Source data:
%%

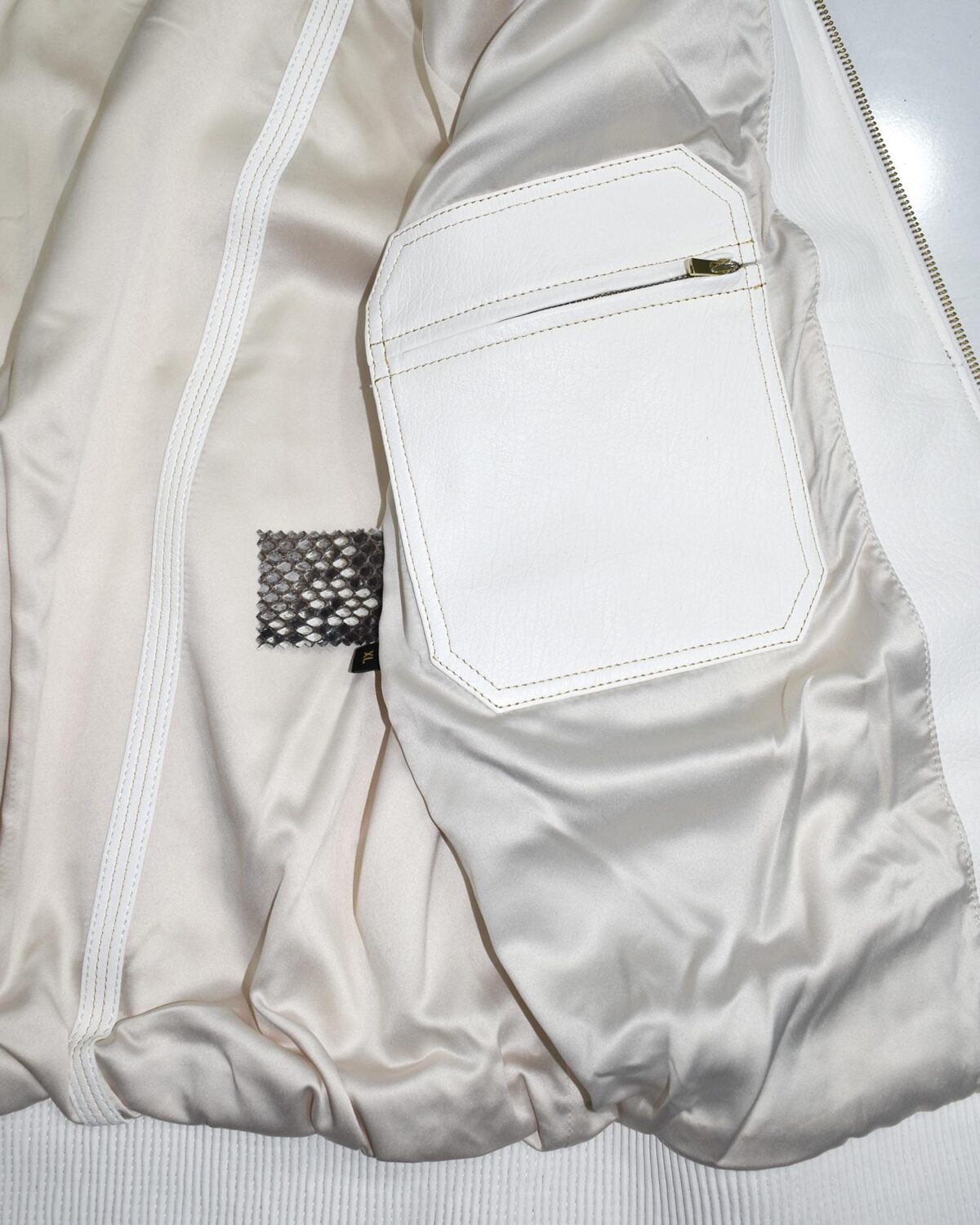 Luxury Genuine Python Skin Lambskin Leather Bomber Jacket – Handmade Designer Outerwear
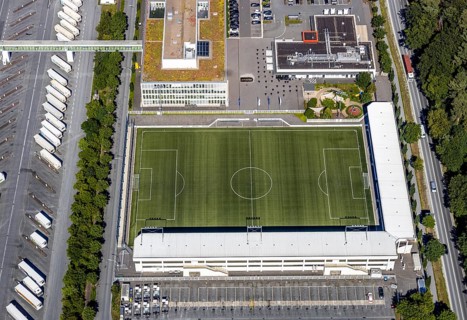 Aerial view, Corona at Tönnies, headquarters of Fleischfabrik Tönnies Lebensmittel GmbH & Co. KG,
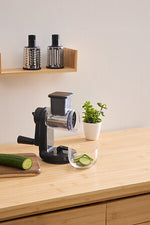 Grater with crank 3 blades L. 23.4 x D. 13 x H. 23.8 cm Silver Pro black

%%

Repeat the material above precisely as it appears, omitting the images it contains.

Your solution:
 Luxury Genuine Python Skin Lambskin Leather Bomber Jacket – Handmade Designer Outerwear
 Aerial view, Corona at Tönnies, headquarters of Fleischfabrik Tönnies Lebensmittel GmbH & Co. KG,
 Grater with crank 3 blades L. 23.4 x D. 13 x H. 23.8 cm Silver Pro black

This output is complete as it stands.